- Born: Bertha Alice Williams 30 October 1871 Morse Mill, Missouri, U.S.
- Died: August 20, 1951 (aged 79) Missouri State Hospital, #4, Missouri, U.S.
- Criminal penalty: Committed to mental facility

Details
- Victims: 3–17
- Span of crimes: 1900s–1928
- Country: United States
- State: Missouri
- Date apprehended: 1928

= Bertha Gifford =

American serial killer

Bertha Alice Williams Graham Gifford (October 30, 1871 – August 20, 1951) was a farmwife in rural Catawissa, Missouri during the early 1900s who was accused of murdering three members of the local community and suspected in 15 additional deaths. Some consider her to be America's fifth solo female serial killer, behind Belle Gunness, Lydia Sherman, Jane Toppan, and Nannie Doss.

==Personal life==
Bertha Alice Williams was born in Morse Mill, Missouri, the daughter of William Poindexter Williams and his wife Matilda, née Lee. She was one of 10 children. She was married to Henry Graham and this union produced one daughter, Lila. Following Graham's death, she married Eugene Gifford and they had one child, James.

==Crimes==
Gifford was renowned in her community for her cooking skills and caring for sick neighbors and relatives. Despite this, five people died in her care, prompting a grand jury investigation. In 1928, Gifford was arrested at Eureka, Missouri and charged with three murders. Following the exhumation and post-mortem exams of Edward Brinley and Elmer and Lloyd Schamel, the bodies were found to contain large amounts of arsenic. Gifford was put on trial for their murders in Union, Missouri. Following the three-day trial, she was found not guilty by reason of insanity and committed to the Missouri State Hospital #4, a psychiatric institution, where she remained until her death in 1951.

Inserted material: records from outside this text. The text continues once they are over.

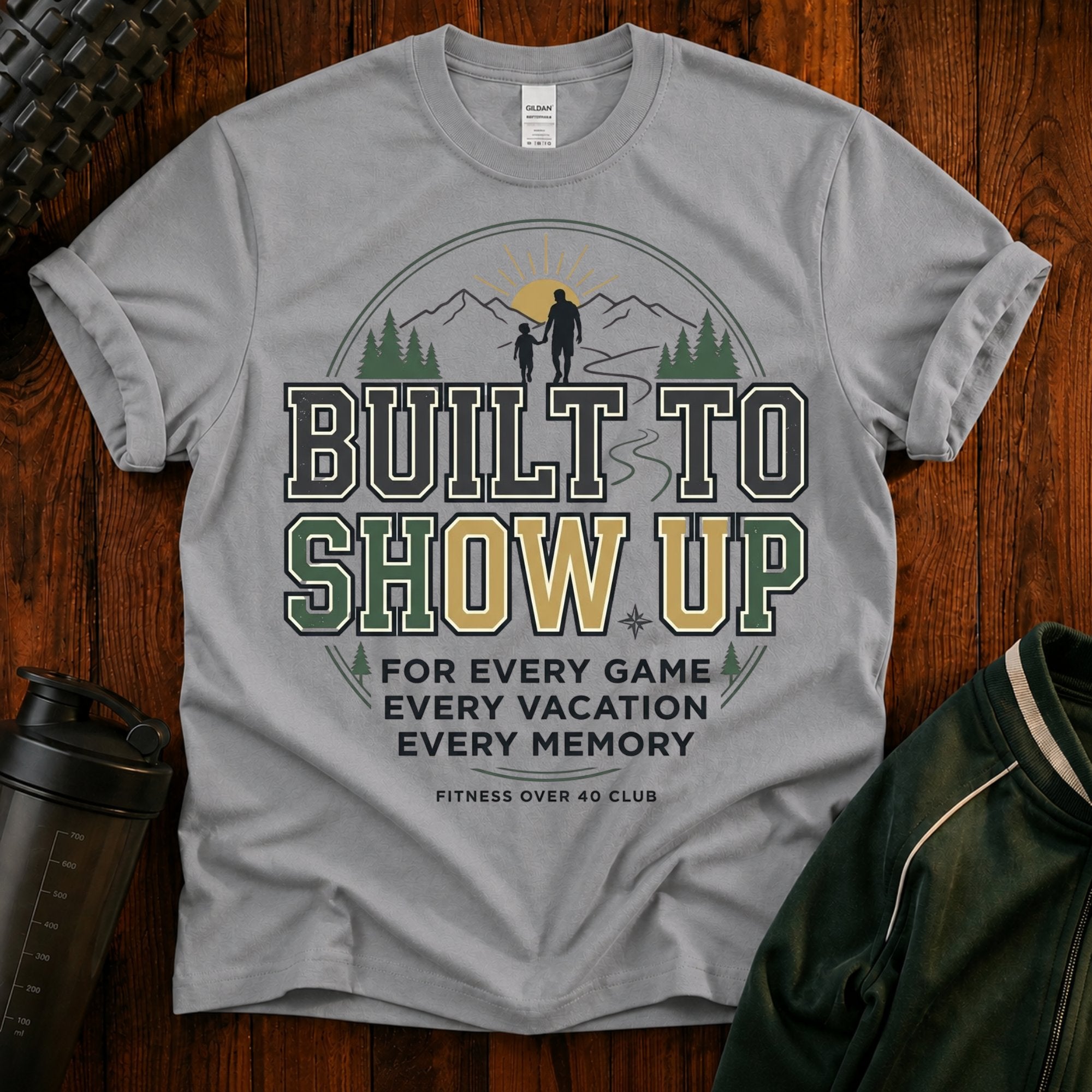 Built to Show Up T-Shirt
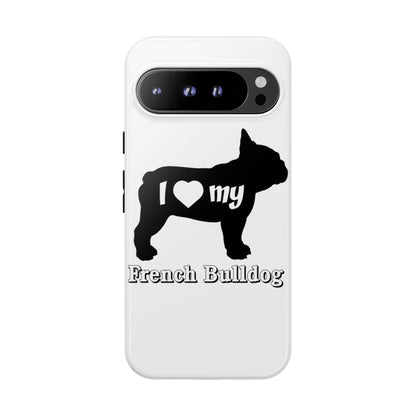 I Love My French Bulldog Phone Case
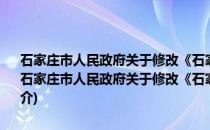 石家庄市人民政府关于修改《石家庄市流动人口管理办法》的决定(关于石家庄市人民政府关于修改《石家庄市流动人口管理办法》的决定的简介)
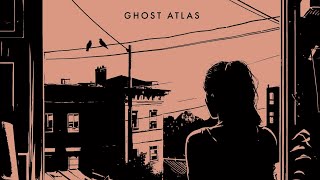 Ghost Atlas - Dust of the Human Shape (Album)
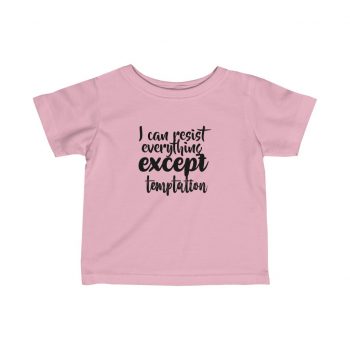 Infant Fine Jersey Tee T-Shirt Several Colors -  I can resist everything except temptation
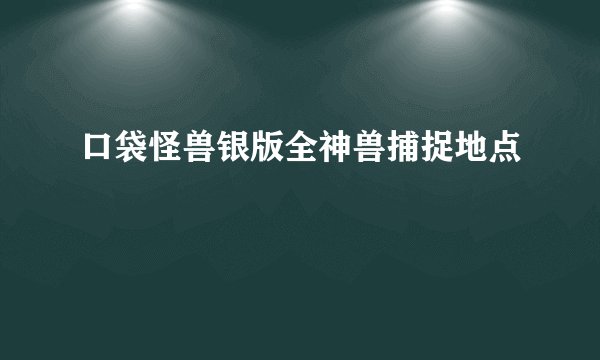口袋怪兽银版全神兽捕捉地点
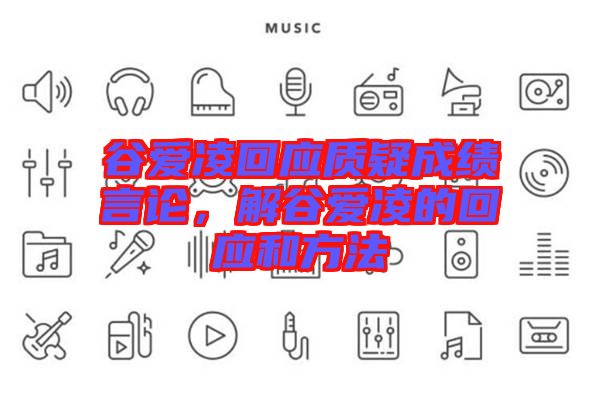 谷愛凌回應(yīng)質(zhì)疑成績言論，解谷愛凌的回應(yīng)和方法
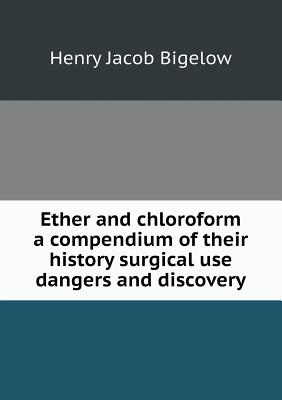 Ether and Chloroform a Compendium of Their History Surgical Use Dangers and Discovery - Bigelow, Henry Jacob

Gifford acted as nurse for her sick neighbors, but 17 people died in her care. Suspicions were raised about an additional twelve deaths after the grand jury investigation of the five deaths. Given the high mortality rates and the unregulated use of arsenic for medical and other purposes at the time, it is not certain that she intentionally killed people who had been in her care.